The intersection of memory and place. That's what I've written of here. One story each month in the pages of my hometown paper.
The sound of my grandmother's Charleston reverbing back through time as I stand in an alley behind Guyer Avenue.
The walk I take on Delancey at the gloaming hour, my son casting his tall shadow at my side.
The feel of Stone Harbor sand on my feet — now, but also then.
The rub of Grand Old Lady velvet at my back as I sit beside my father lost in the musical Once.
I look back over these stories and it is clear: At the intersection of my memory and all these cherished places is love not just of river bends and bricks and boardwalks, but of our incalculable humankind.
So let me take you now to a place that no longer exists. An ordinary office in an ordinary office building in Chesterbrook, where a man named Mike Yasick sits, a phone pressed to his ear. It's early March 2013. His feet (he tells me, for I'm on the phone's other end) are up on his desk. We're talking because that's what we do. Because he heads the division of one of my client companies, Shire, and because it is my job (or so he says) to write the stories that will make him famous.
Or, as we say, more famous.
He's fair-skinned, bright-smiled, the kind of smart that welcomes goofy. He buys people things for no good reason, takes his wife on a multistop trip around the world, hurries home to the son who is about to cook a meal, talks (you've got to stop him) about his beloved daughters, is ready and willing with endless tales about a seeming infinitude of friends.
At the moment, he's looking ahead to his 50th birthday, a few months on — a feat that is no regular milestone.

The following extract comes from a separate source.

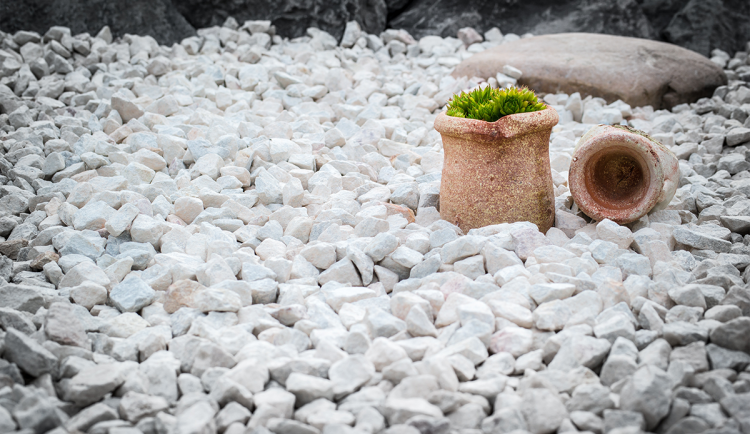 Pozvedněte estetickou úroveň své zahrady dekoračními kameny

Mike is older than his father was when his father died, older than his brother was when his brother died, and quite nearly older than the average age of those who, like him, have been diagnosed with vascular Ehlers-Danlos syndrome (VEDS). VEDS is the most severe and life-threatening form of a rare genetic disease that maliciously attacks the connective tissues that are essential for life itself. People with VEDS are prone to spontaneous ruptures of organs, persistent muscle tears, and unusually loose joints. Surgeries, pregnancies, and contact sports all take them straight into the danger zone.
But Mike is going to make it to 50, make it past 50 — that's his plan — and that's what, on rare occasions, we talk about, and what we are, on that day, talking about, until he returns to his normal smart-goofy state and asks: "You want to see how dumb I look in bright red pants?"
"Sure, Yasick," I say.
"Check your in-box," he says.
You, dear readers, are looking at the picture he sent.
It will be the last time I hear Mike's voice — my last interaction with him, save for a quick email, a few days later, when he writes to ask: "Are you superb?"
Two days after that, on March 8, 2013, with what some might say was no warning, but with what those with VEDS know to be a minute-by-minute-every-damned-day-since-diagnosis warning, Mike was gone. He'd been driving to work. That malicious thing happened. He did not live to 50.
Heartbroken, I wrote a blog sharing the Red Pants story. Somehow, the way such things happen, that post went viral. A week or so later, at the most crowded funeral I've ever seen, all of those who loved Mike showed up at a giant Catholic church dressed to defy in every shade of red. It's a scene that Mike would have loved down to every cuffed and zippered inch.
Mike's son, 25-year-old Christopher — a talented engineer, a brilliant photographer, that cook — would abruptly lose his own life to the disease in late 2014. Not long after, Mike's youngest child, Emma, a ballerina with soulful eyes, would be diagnosed. A family might just shut down after so much loss, but not the Yasicks.
Instead, the Yasicks and their infinitude of friends have created what is becoming a movement. The Red Pants Project (#RedPantsProject) — held this year on March 8 — is designed to celebrate the people in our lives and to express gratitude for the influence they've had on us.
Sounds simple, right? Sounds like something we should do every day — pick up the phone when a colleague calls, thank the guy at the front desk for sprucing up the flowers, take a break from the routine, and mosey on down to the cafeteria to ask the newest trainee if they are, indeed, superb.
In honor of the people who shape you, then, in honor of the Yasicks and this disease, perhaps you'll consider getting a pair of red pants and going off to the job in such fine form — or even instituting a formal Red Pants day.
If someone who has earned your gratitude asks you what's going on with your fashionable self, remember to say thanks. Then tell the story of Mike Yasick and this rare disease, which his daughter Emma and her sister, Katy, and their mother, Jennifer, are, through their foundation, DEFY, determined, with classic Yasick kindness, to obliterate.